7

6.3K 891 205
                                    

Tidak ada yang berbeda dari minggu ini. Aku masih memikirkan Jimin seperti biasa. Lebih-lebih setelah pertengkaran yang membuatnya pulang lebih awal. Jika dulu aku tidak memusingkan keadaan Jimin, sekarang beda nyatanya.

Aku diam-diam menunggu suara berat yang sarat akan candaan muncul di telingaku. Meski suara Namjoon lah yang ku tangkap.

"Apa ada sesuatu yang mengganggumu hyung?"

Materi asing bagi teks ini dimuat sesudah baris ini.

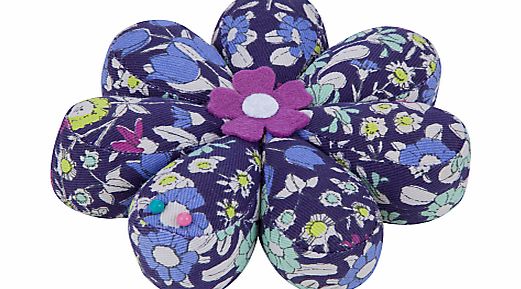 John Lewis Daisychain Print Pin Cushion, Multi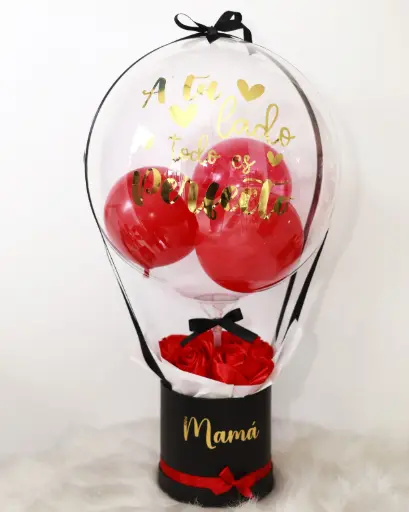 Burbuja de amor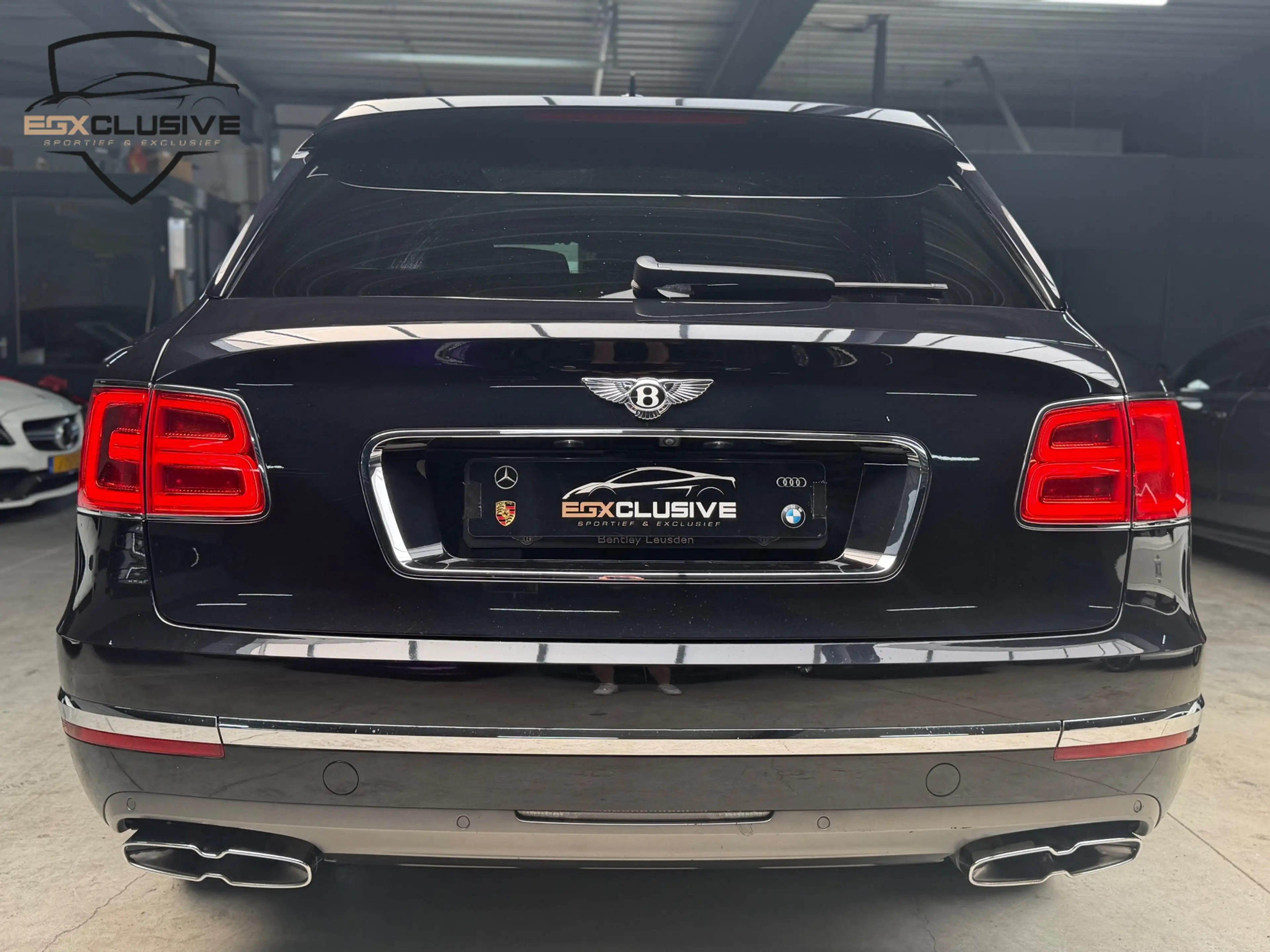 Bentley Bentayga 4.0 D 7p. PANO|360CAMERA|ACC|MEMORY|HUD|MASSAGE — photo 3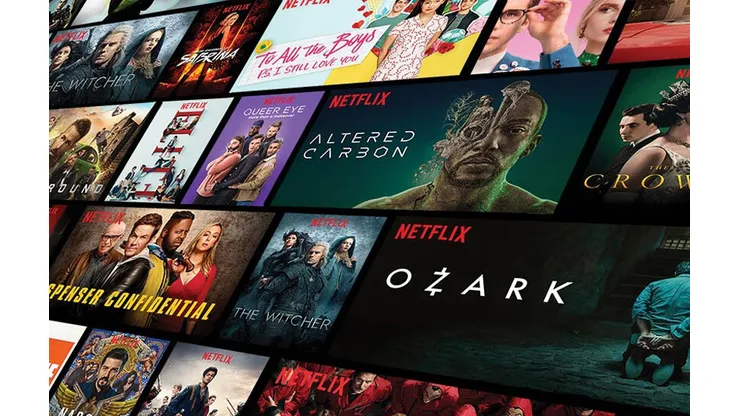 Las 10 películas más vistas en NETFLIX en COLOMBIA esta semana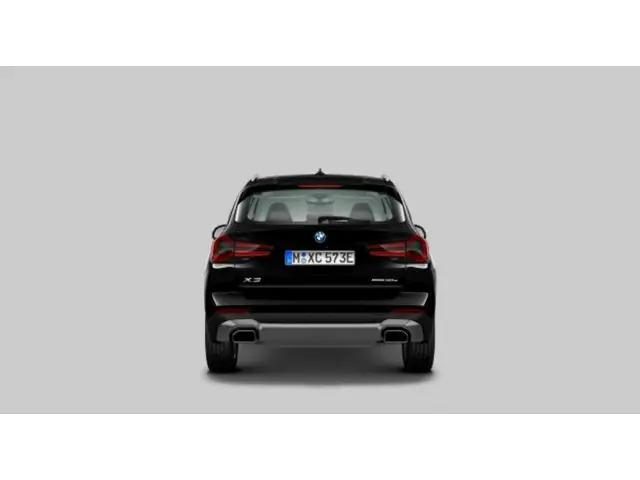 BMW X3 xDrive30e 2022 Hybride Benzine 8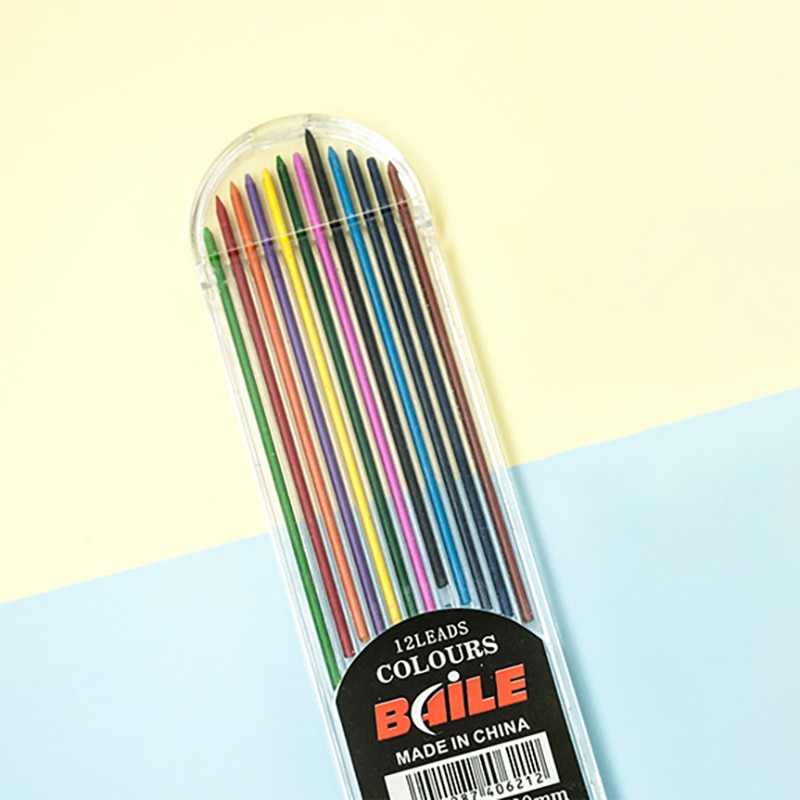 Lápiz mecánico de 200 piezas,  - Mechanical Pencil Lead reseña y precio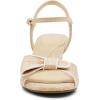 Anne Klein womens Rosy(Natural Raffia)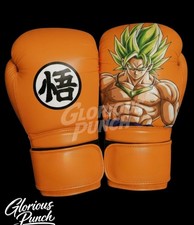 Guantoni da boxe Goku Dragon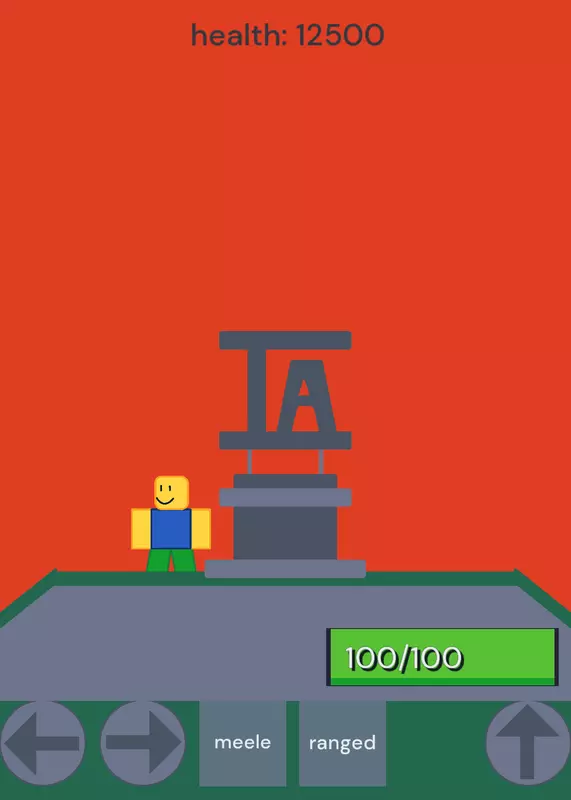 Game by @idrinkwater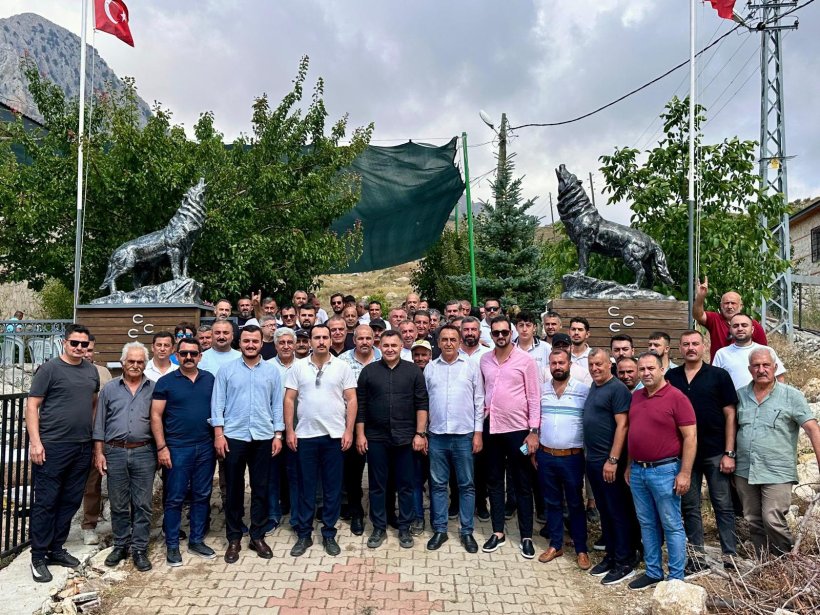 Adem Murat Y&uuml;cel'den G&ouml;kbel &ccedil;ıkarması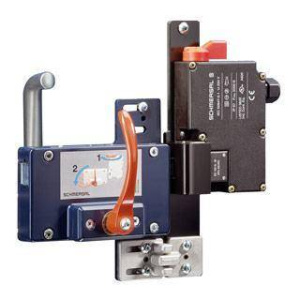 Schmersal. Solenoid interlock - AZM 161-STS30-02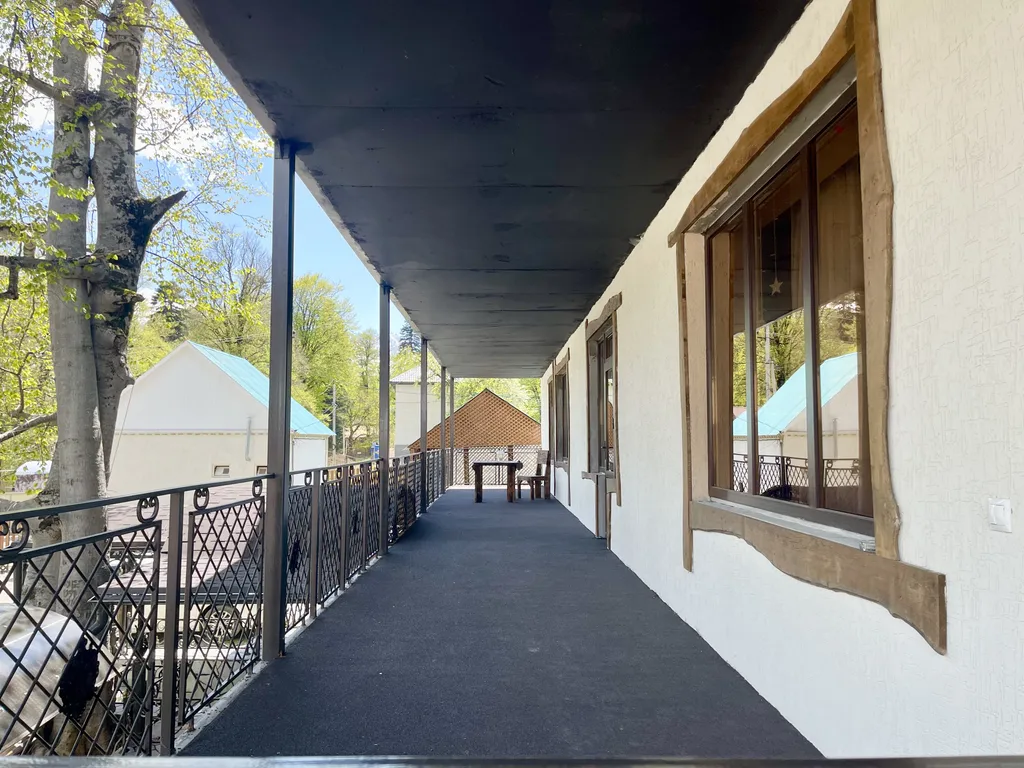 Уютный номер Комфорт на мансарде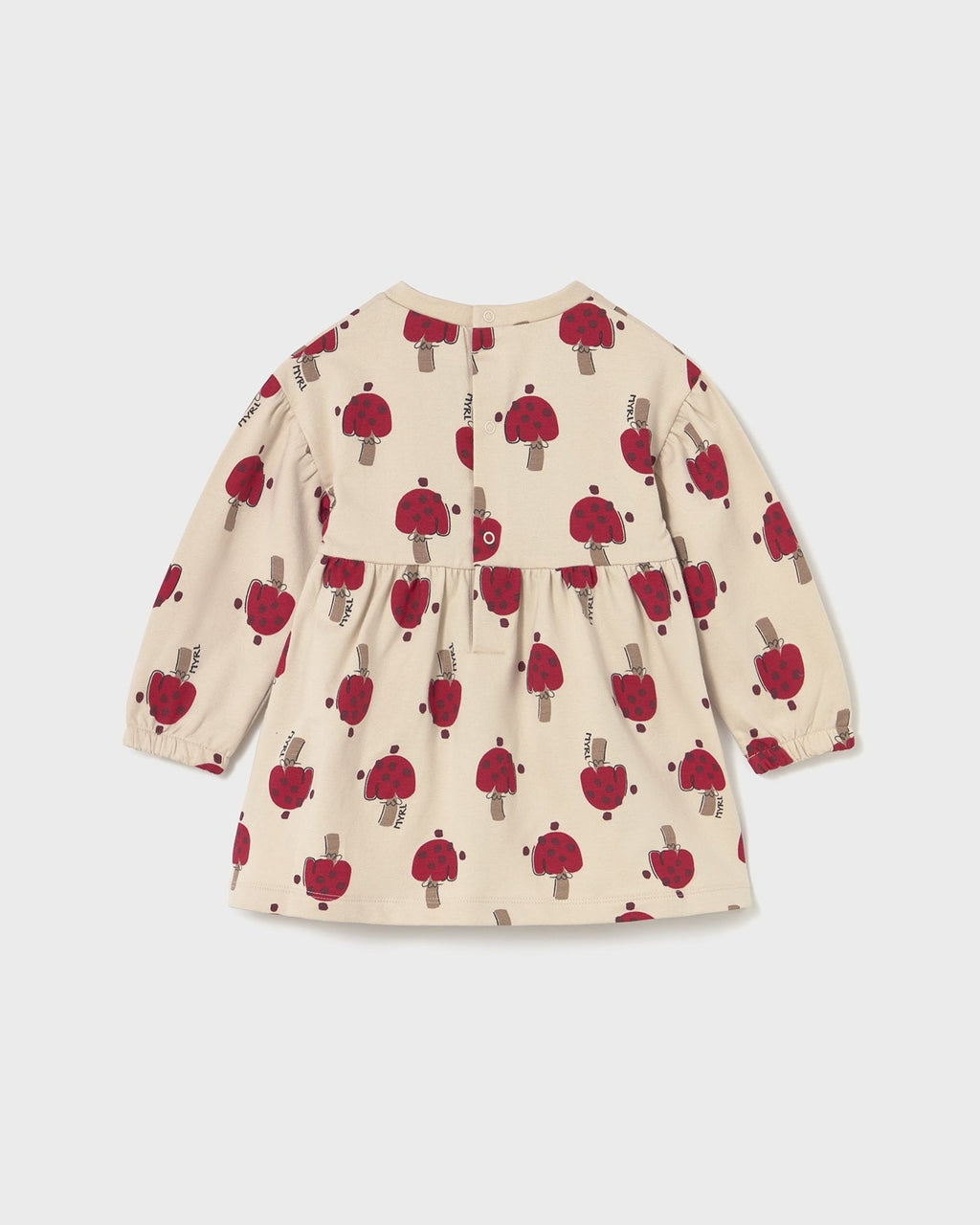 Mayoral Baby Girls Fleece Dress_ 2916 - NorthGirls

"Apa?" Tanya ku sedikit terbata.

"Kamu tampak terdiam."

"Bukankah aku memang selalu diam?" Namjoon tengah memilihkan ku pakaian. Ia hanya sibuk akhir pekan jadi mulai dari senin hingga jumat, Namjoon lah yang bertanggung jawab mengurus segala keperluanku. Pernah sekali aku mendengar Jimin protes dengan pakaian yang ku pakai. Ia mengatakan jika perpaduan warna yang Namjoon berikan sangatlah payah. Membuat orang sakit mata melihatnya.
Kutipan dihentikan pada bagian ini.